Saskatoon company cashing in with high-tech wallet design
Project has raised more than $15K on Kickstarter
Between credit cards, debit cards, IDs and good old-fashioned paper money, a wallet can get crowded pretty fast.
That's led to new trend toward streamlined wallet designs — a trend Saskatoon's Ronin Energetics is cashing in on with a new high-tech wallet it calls the Arceo Wallet.
"We wanted to take a fairly mundane product that you might think, 'Oh, a wallet, everybody carries that around,' and really showcase that there's a lot of opportunity for mechanical innovation," said Alex Balogun, the company's founder and the wallet's designer.
Within days of launching on Kickstarter, Arceo Wallet has raised more than $15,000, well surpassing the original funding goal of $5,000.

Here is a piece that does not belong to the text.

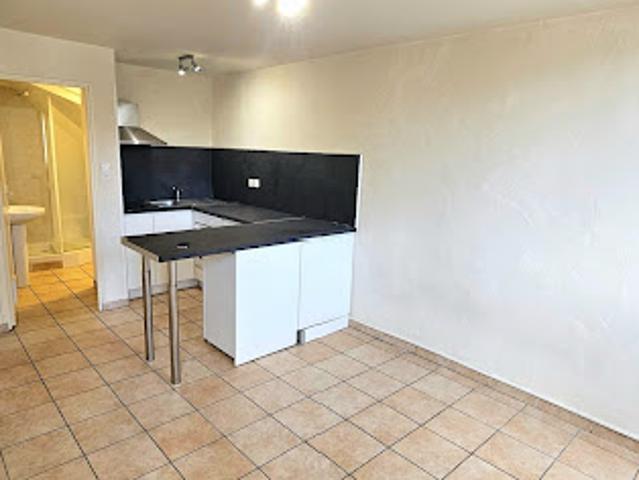 Appartement location à Brignoles, Gonfaron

The wallet is made from a carbon-fibre composite, a material Balogun said you're more likely to find in the aerospace industry than in your pocket.
"We wanted to help put carbon-fibre composites in people's hands in an everyday carry item that is very useful to their daily lives," said Balogun.

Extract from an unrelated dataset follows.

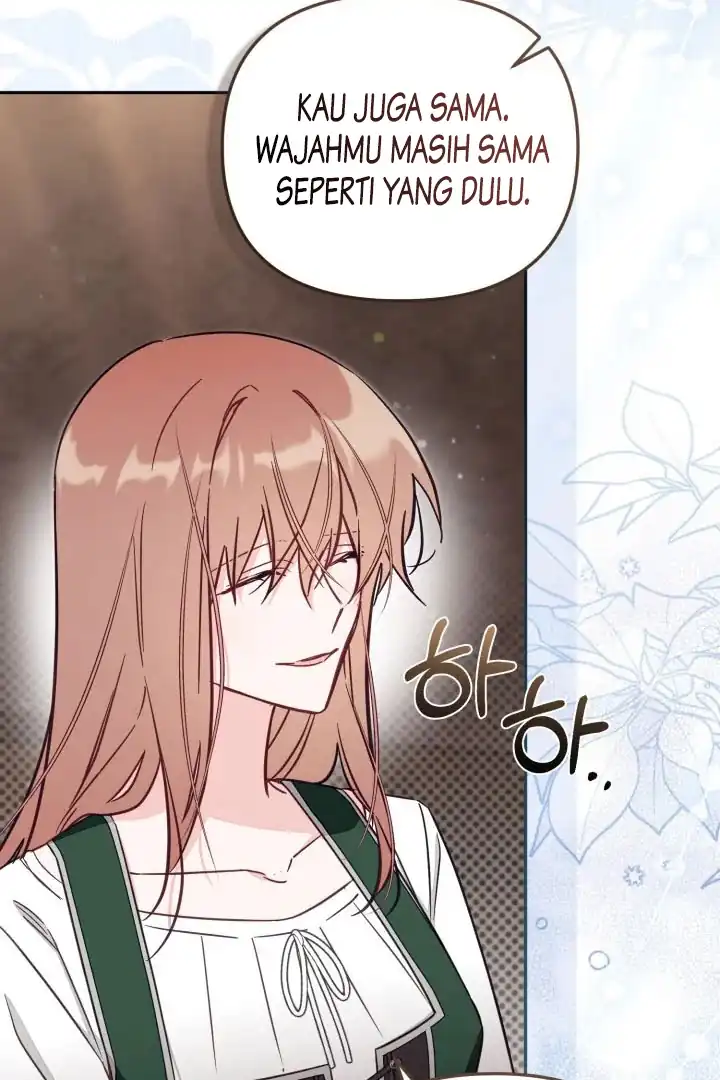 Baca Philomel the Fake Chapter 78 Bahasa Indonesia page 88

The Arceo, which starts at $88, features a magnetic latch and a special tensioning system designed by Balogun to keep everything snugly in place.
The wallets can be further customized to hold extra items like keys, tools and USB sticks.

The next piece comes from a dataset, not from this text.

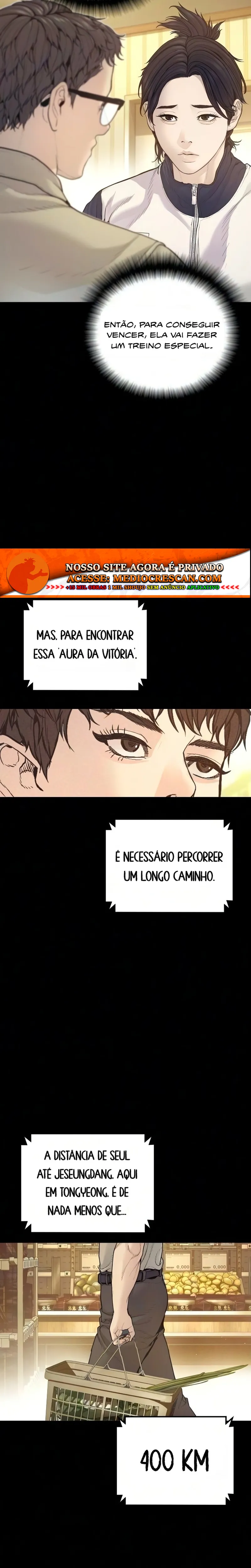 Gerente Kim Capítulo 242 Página 12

"Whether you might want to carry around small tools, bit drivers, that type of thing, this is definitely the wallet for you," said Balogun.
Made in Saskatoon
The product is also serving as a showcase for for Ronin Energetics, a small fabrication shop in Saskatoon where the Arceo will be manufactured.
"Local manufacturing is really making a resurgence, we believe. People want products that have more customization, more personalization. People want to be connected to the creators," said Balogun.
But anyone with the right equipment can try their hand at manufacturing the wallet themselves. That's because Balogun has "open sourced" his designs, freely sharing them online.
"We also want to help educate people about carbon-fibre composites and about the new paradigm shift that's happening in manufacturing right now," said Balogun.
"There's a lot of opportunity for mechanical innovation, not just in the mechanism that makes it work but also in the materials and the techniques used to turn those materials into a finished product."